I have a 15 month old who...I won't say hits....but taps harder than necessary like she's testing how hard is acceptable to get attention, and has started crumpling to the floor or doing a whole body spasm when she's impatient or when something doesn't go her way. Right now, knowing her learning abilities and personality, my correction is usually to hold the hand she hit me with and tell her "Do not hit" and tell her the apropriate action (pretty much just like you do)...or while she's crumpled explain either how she can fix the problem then physically do it with her to help her figure out how to do it, or explain what I'm doing to fix the problem (like refilling the Aquadoodle pen) at my normal pace...not getting myself worked up or rush just because she's impatient.
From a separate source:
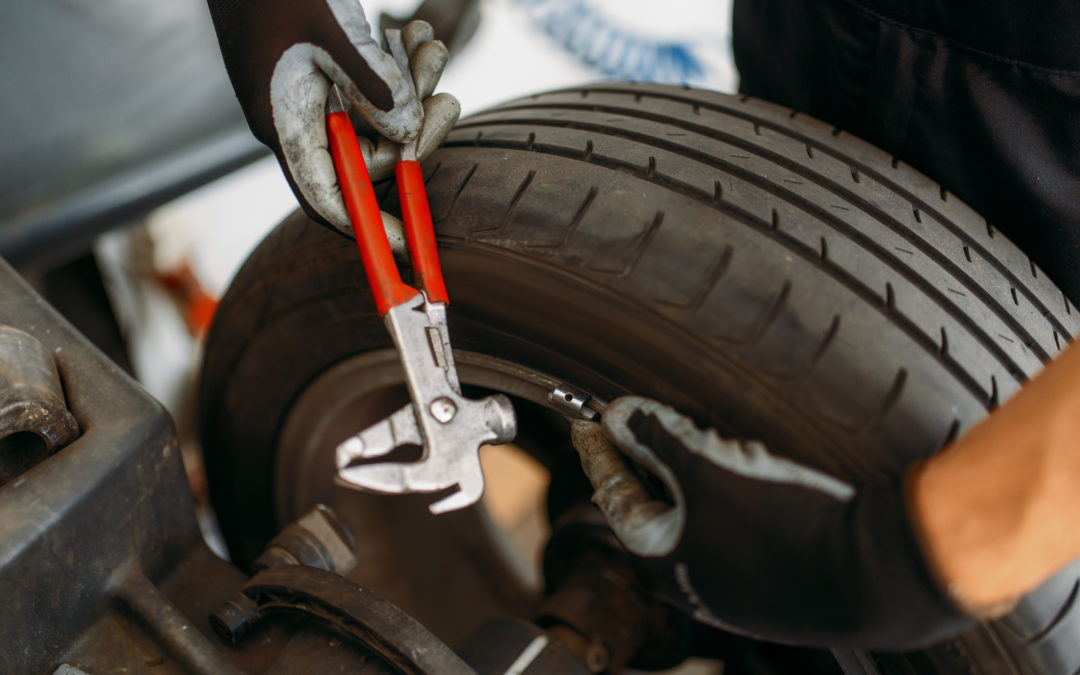 Auto mechanic balancing wheel, tire service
I guess my thinking is that, with her anyways, the best approach is to make myself lead by example how to verbally work through whatever is going on so she learns that the physical outburst isn't going to work.
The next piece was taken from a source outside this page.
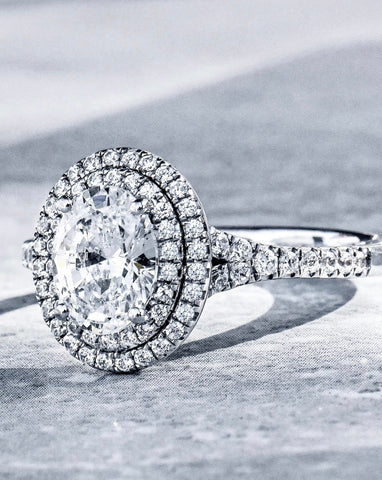 an oval shaped diamond engagement ring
She's really a good natured kid and responds well to redirection for now, so I don't think I'll have to do time outs for a while, but I do think that she could understand what a time out means, so I've been thinking about the best way to go about it...still thinking. Even if he doesn't verbalize much himself, if he understands you when you explain what he did wrong, then I think time outs are an option now.
For DD, I know it's just a phase I'll have to guide her through, I don't think aggression is actually a part of her personality. If it were I'd be more stern and use more frequent redirection. And, I know this is redundant, but just because something doesn't work at first doesn't mean it's not going to- stay consistent. He'll learn that you're not flexible when it comes to discipline.